Data shown:
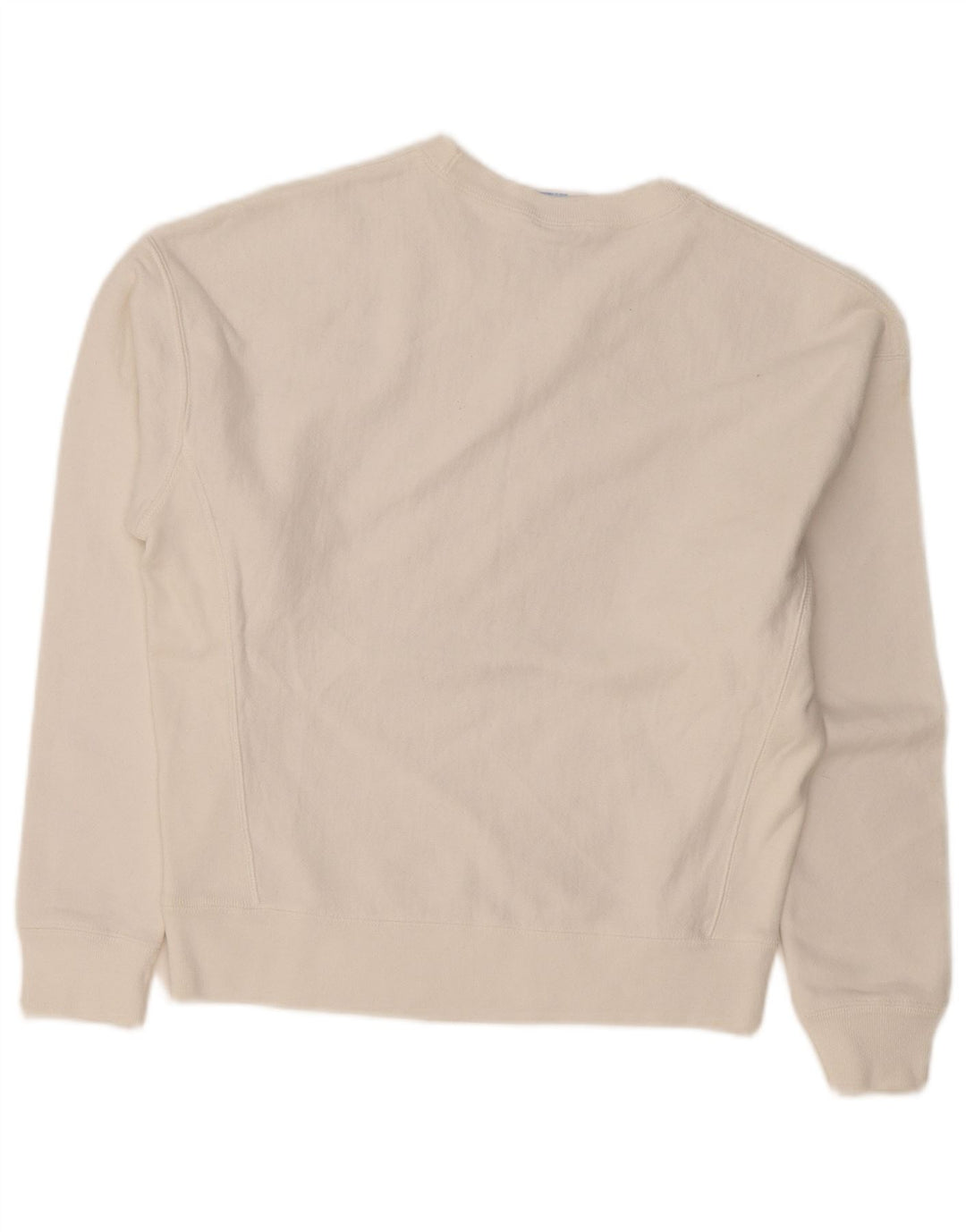 Champion Sweat-shirt pour femme UK 14 en coton blanc moyen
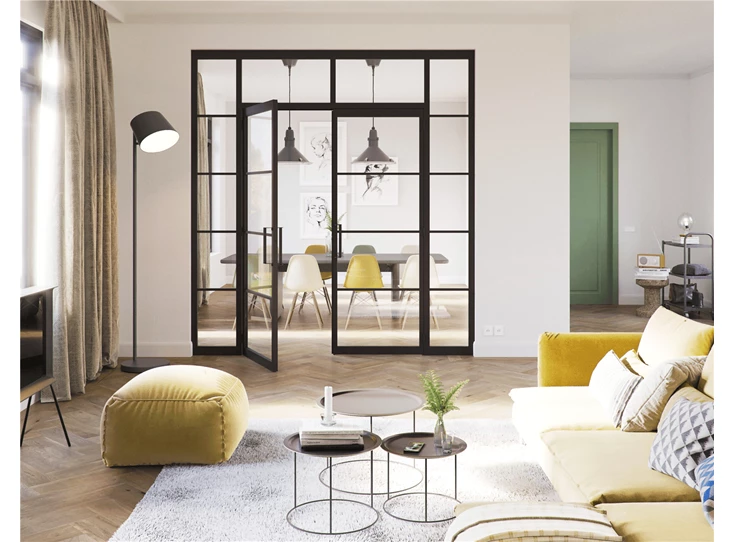 Dubbele deur met boven en zijlicht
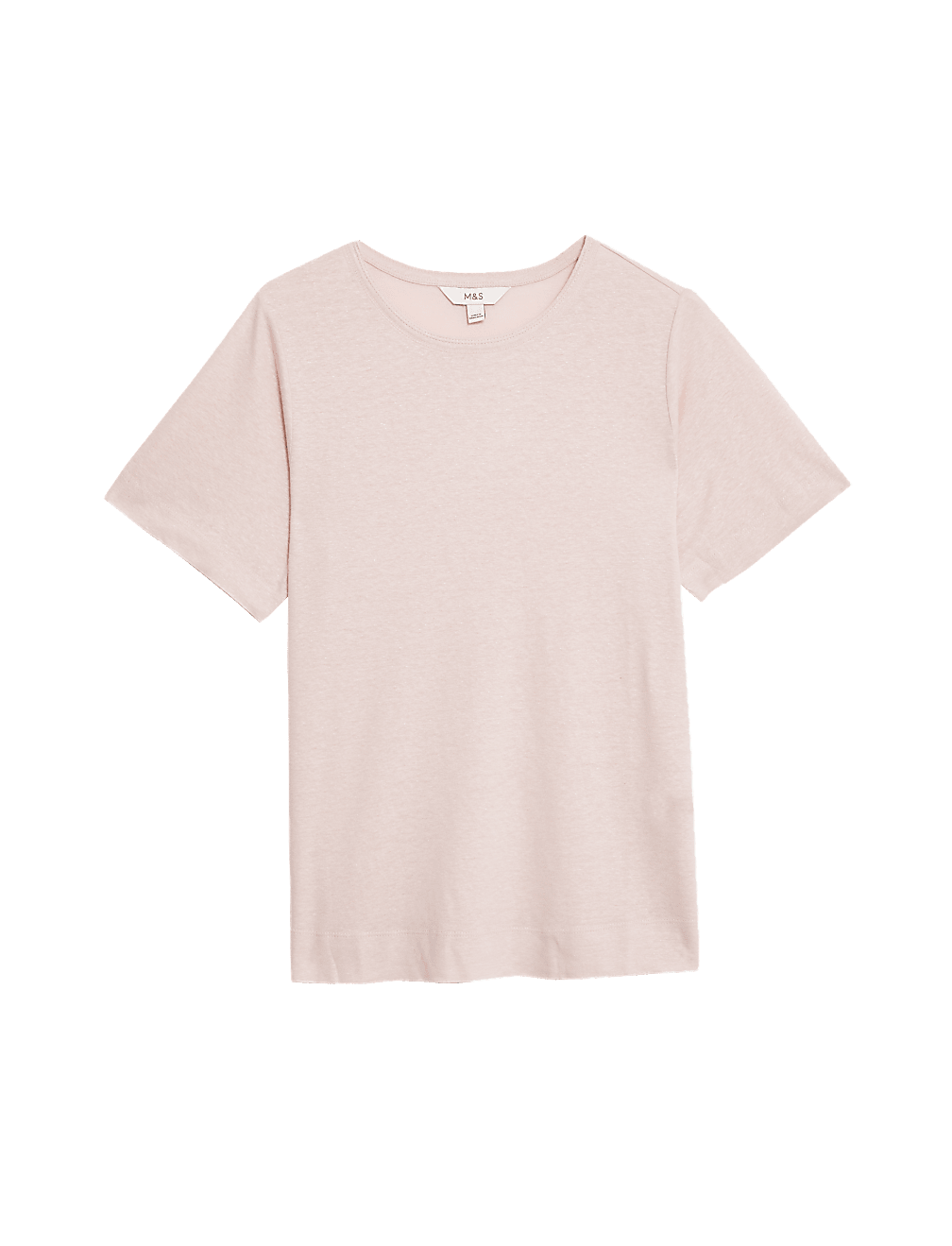 Linen Blend Crew Neck Top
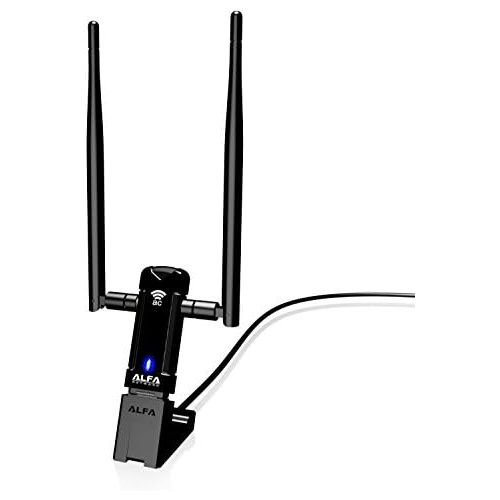  Alfa Network ALFA Network AWUS036AC Long-Range Wide-Coverage Dual-Band AC1200 USB Wireless Wi-Fi Adapter w High-Sensitivity External Antenna - Windows, MacOS & Kali Linux supported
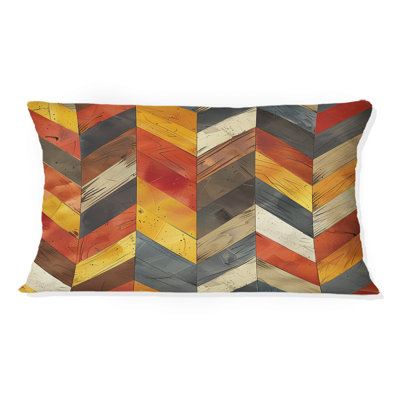 Coussin décoratif à chevrons
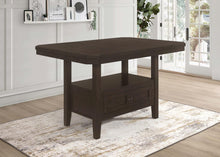 Load image into Gallery viewer, Prentiss Rectangular Counter Height Table with Butterfly Leaf Cappuccino
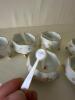 Porcelain Footed Open Salts with Mother-of-Pearl Spoons - 7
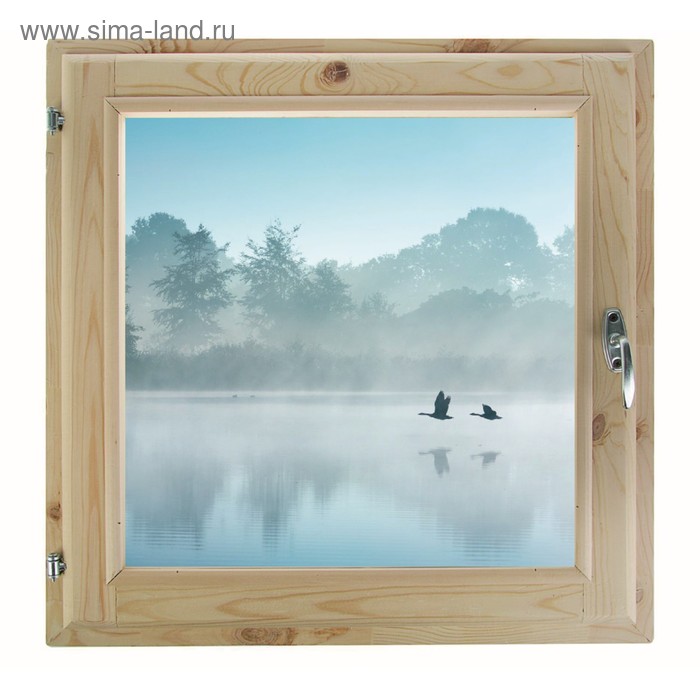 Окно, 60×60см, Туман над рекой, однокамерный стеклопакет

Exercise prompt: Given the records above, return the lines starting at the one that holds "Alfa Network ALFA" and ending at the one that holds "Porcelain Footed Open", exactly, and nothing besides; leave every picture out.

Written answer:
  Alfa Network ALFA Network AWUS036AC Long-Range Wide-Coverage Dual-Band AC1200 USB Wireless Wi-Fi Adapter w High-Sensitivity External Antenna - Windows, MacOS & Kali Linux supported
 Coussin décoratif à chevrons
 Load image into Gallery viewer, Prentiss Rectangular Counter Height Table with Butterfly Leaf Cappuccino
 Porcelain Footed Open Salts with Mother-of-Pearl Spoons - 7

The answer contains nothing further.